Other nearby systems emphasize execution and organization. WebXSkill closes a “grounding gap” in autonomous web agents by pairing parameterized action programs with step-level natural-language guidance and indexing them in a URL-based skill graph for context-aware retrieval (Wang et al., 14 Apr 2026). Formal Skill introduces a runtime-native abstraction with JSON metadata, Python executors, lifecycle hooks, runtime state, and routing metadata, moving reusable procedure into executable state machines and hook policies (Zhang et al., 19 May 2026). SkillJuror isolates how skill organization changes runtime behavior, showing that Progressive Disclosure increases distinct resources touched per trajectory from 1.18 to 3.85 and effective uptake events from 1.33 to 3.92, with 17 additional verifier-passing trials out of 410 matched trials over a normalized flat baseline (Chen et al., 10 Jun 2026).

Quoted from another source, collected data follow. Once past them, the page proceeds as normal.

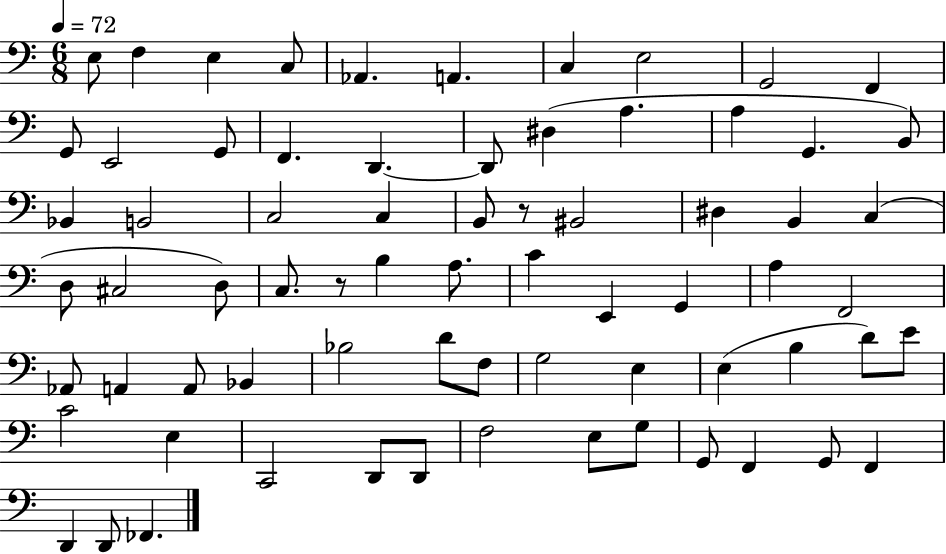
X:1
T:Untitled
M:6/8
L:1/4
K:C
E,/2 F, E, C,/2 _A,, A,, C, E,2 G,,2 F,, G,,/2 E,,2 G,,/2 F,, D,, D,,/2 ^D, A, A, G,, B,,/2 _B,, B,,2 C,2 C, B,,/2 z/2 ^B,,2 ^D, B,, C, D,/2 ^C,2 D,/2 C,/2 z/2 B, A,/2 C E,, G,, A, F,,2 _A,,/2 A,, A,,/2 _B,, _B,2 D/2 F,/2 G,2 E, E, B, D/2 E/2 C2 E, C,,2 D,,/2 D,,/2 F,2 E,/2 G,/2 G,,/2 F,, G,,/2 F,, D,, D,,/2 _F,,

Against this broader backdrop, SkillNav’s distinctive contribution is to locate skill routing inside an embodied navigation loop. Its experts are not retrieved from a repository at query time; they are learned motion-and-perception specialists that are activated per step from subgoal and observation context. This suggests a complementary relation to the LLM-agent literature: SkillNav studies intra-policy routing among navigation experts, whereas many other skill systems study inter-skill retrieval, progressive disclosure, skill execution control, or repository-scale selection.

The paper does not present a long explicit limitations section, but several failure modes are stated or implied. Stop errors remain a major challenge in VLN generally, which is why a dedicated Stop and Pause skill is added. Temporal reasoning mistakes can still produce subgoal-ordering errors if temporal reordering or localization is wrong. Routing quality depends on the VLM’s grounding ability, and weaker routers reduce SPL. The system is also more complex than a single end-to-end navigator because it requires synthetic skill data, multiple specialized models, and multi-stage routing. Finally, the decomposition depends on a fixed skill taxonomy, so unseen skills or more subtle mixed-skill instructions may remain difficult (Ma et al., 11 Aug 2025).

Taken together, these characteristics define SkillNav as a skill-aware modular VLN system that decomposes an instruction into ordered subgoals, localizes the current subgoal using instruction and history, routes to the appropriate specialist, and executes with that expert. Its significance lies not only in reported benchmark gains, but in presenting VLN as an explicitly navigable composition of reusable skills rather than as a monolithic policy (Ma et al., 11 Aug 2025).